The high priest stood up and said to him, “Don’t you have an answer to what these men are testifying against you?” But Jesus kept silent. The high priest said to him, “I charge you under oath by the living God: Tell us if you are the Messiah, the Son of God.”
“You have said it,” Jesus told him. “But I tell you, in the future you will see the Son of Man seated at the right hand of Power and coming on the clouds of heaven.”
Then the high priest tore his robes and said, “He has blasphemed! Why do we still need witnesses? See, now you’ve heard the blasphemy. What is your decision?”
They answered, “He deserves death!” Then they spat in his face and beat him; others slapped him and said, “Prophesy to us, Messiah! Who was it that hit you?” Matthew 26:57-68 (CSB)
I’ve been to Caiaphas’ house, and into the dungeon in which Jesus was likely held. It’s really just a pit hewn out of rock. In Jesus’ day, the prisoner was lowered up and down through a hole in the top of the pit. Currently, there is a stairwell that winds down into it, but even with that my claustrophobia won’t easily allow me to go all the way in, and only then when the exit is clear.
Imprinted into the side of the stone walls are the scratching of prisoners, presumably going crazy and trying to claw their way out of the horrific place after being thrown in, beaten and abandoned. One wonders why a priest, a man of God, would need such a place.
This is where the Passion of God starts to get very real. Fitting, since we’re one week away from Easter.
I remember as a child hearing the story of Corrie Ten Boom, whose family were Dutch Christians that attempted to hide Jews during the holocaust. They were ultimately captured and sent to a concentration camp, where she writes about the horrific things she both witnessed and experienced, including the death of her father and sister.

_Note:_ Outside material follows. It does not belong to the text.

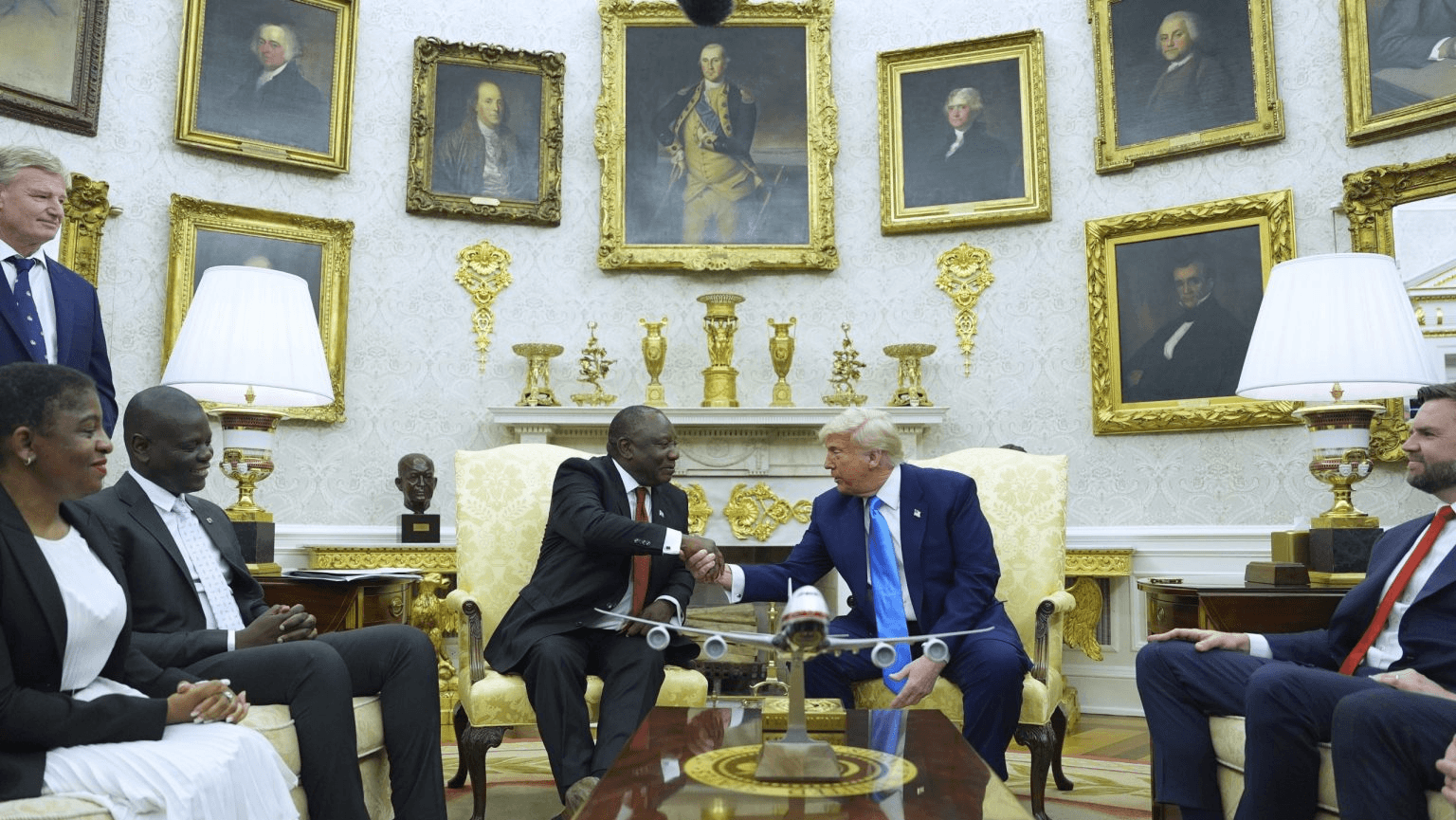 Illustration — Trump avale sa fierté pour les terres rares d'Afrique du Sud : 50 millions de dollars dans le Limpopo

Evil makes us uncomfortable in modern day America. We don’t like the sound of it. We want to pretend it doesn’t exist, and squirrel it away, assuming the best in others and the world. Evil is for somewhere else or some other time. This false sense of security blinds us to the reality that many have faced, and many continue to face. Boom walked away from the concentration camp even more devout. After having seen the direst evil, she was more convinced than ever that God was the only answer. Her famous line is apropos to both environments,
There is no pit so deep that God’s love is not deeper still.
This is the word we must know when there is little else to trust in. When there is little hope left or all seems hopeless. When there are no obvious material or political solutions, our hope must come from trusting in that. It’s the very hope that bore Jesus through the coming days, beginning with this dark one.
On a lectern, in the pit of this miserable dungeon, there is an old worn psalm that pilgrims read aloud, listening to the echos of their voices hauntingly dancing through the space. Hearing what we believe Jesus might have recited to maintain his own hope, when evil seemed about to win the day.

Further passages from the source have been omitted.